Harrell, head teller of American Banking Company, held in her hand a check for $4,300 made out to a bank customer. In front of her was a letter saying the customer had won $1.5 million in the Euro Lotto. The check had been sent to the customer to cover "insurance and stamp duties," the letter said, and the money had to be sent to a Las Vegas address so that the customer could recover the balance of her winnings.

Of course, the winnings don't exist.

Because bank employees had been warned by earlier scams, they caught the fraud while the customer was in the bank, trying to buy a money order to send to Las Vegas.

"Just by glancing at this check, there's no way to know it's [fraudulent]," Harrell said.

The only thing Harrell found that might have roused her suspicions -- a routing number quite different from the ones she usually handles -- was in fact legitimate; another bank employee traced it to the bank named on the check, although that bank did not issue the check, she said.

Had the bank not caught the fraud, the $4,300 would have been added to the customer's account; the customer would have bought a money order for that same amount and mailed it to Las Vegas; the bank the check was issued on would have refused payment; and American Banking Company would have deducted $4,300 from the customer's account ... if there was that much in there. If the account didn't have that much in it, the customer would have had to pay back the difference.

In fact, said Nellie Warren, ABC's vice president for operations, the customer could face criminal penalties if police thought she knew the check was bogus.

"They [scams] are coming from all over the place any more," Warren said.

"We can't stop the crooks," she said. "If we can just stop the people from falling for them."

This scam is identical to one reported to The Observer in late April.

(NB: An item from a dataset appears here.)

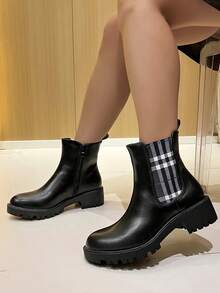 Fashionable Versatile Casual Plaid Patchwork Chunky Heel Ankle Boots - Black - View 2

On April 20, Moultrie Police Sgt. Roger Lindsay told The Observer at least five fraudulent checks form the University of Wisconsin Credit Union in Madison, Wis., a legitimate business, had been sent to area residents. The counterfeit checks were sent from Canada along with a letter just like the ABC Bank customer received, saying the recipient had won money in a lottery.

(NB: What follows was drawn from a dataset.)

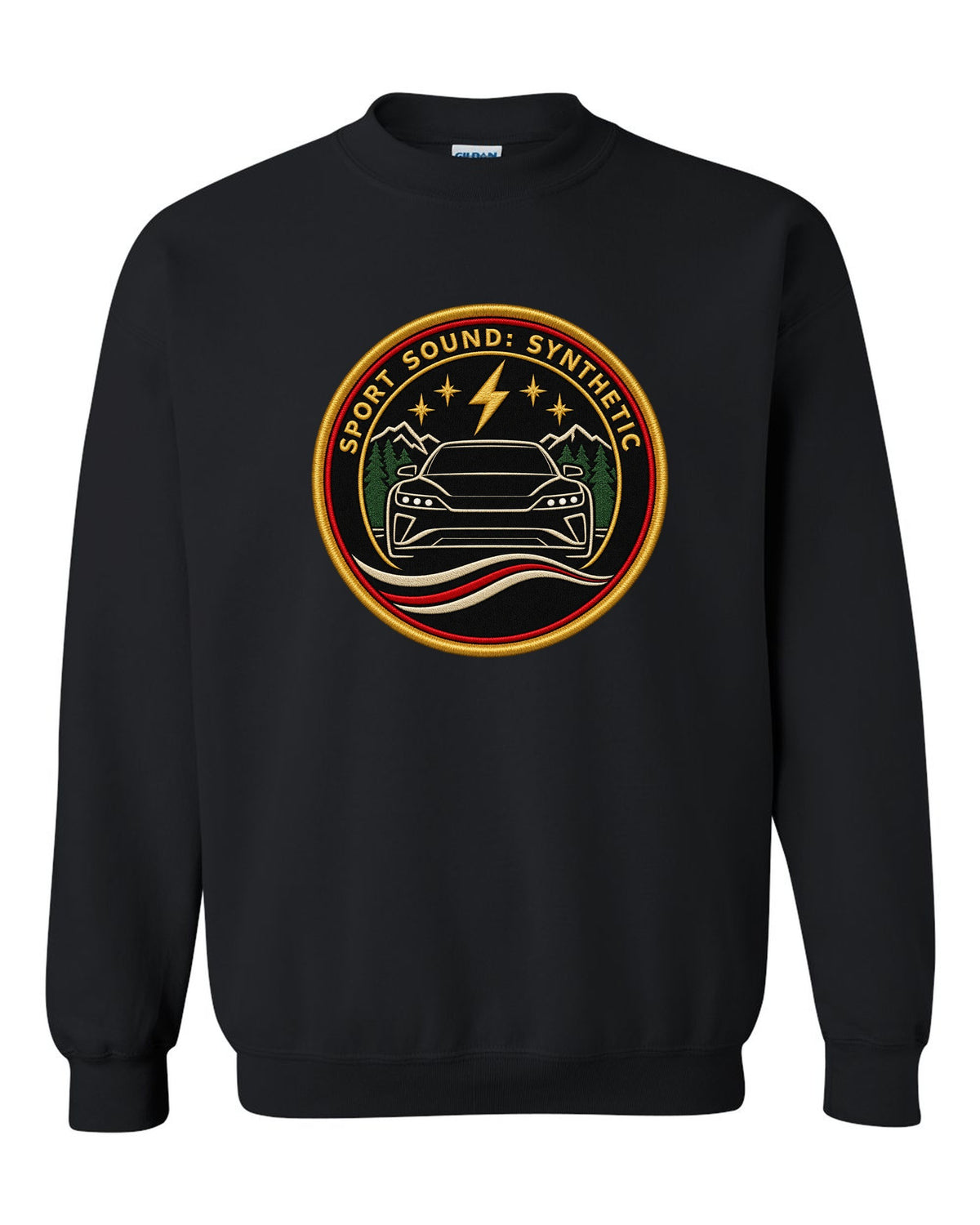 Porsche Taycan Turbo S 9J1 round embroidery-style crest print with the text sport sound synthetic black crewneck front view with the design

The letter recipient was to cash the check, buy a money order and send that money order to someone in Canada to receive the lottery prize.

Lindsay said in April that police had also been notified of three counterfeit money orders sent to area residents from London. Similar to the other scam, the recipients were asked to cash the money orders and send the money back.

The fact the person sending the documents is asking for money back should show the transaction is a scam, Lindsay said. Any items won from a legitimate group never require money be sent to claim them.

Lindsay encouraged anyone who receives a suspicious check to contact the Moultrie Police or Colquitt County Sheriff's Office. They can determine whether the document is legitimate or not.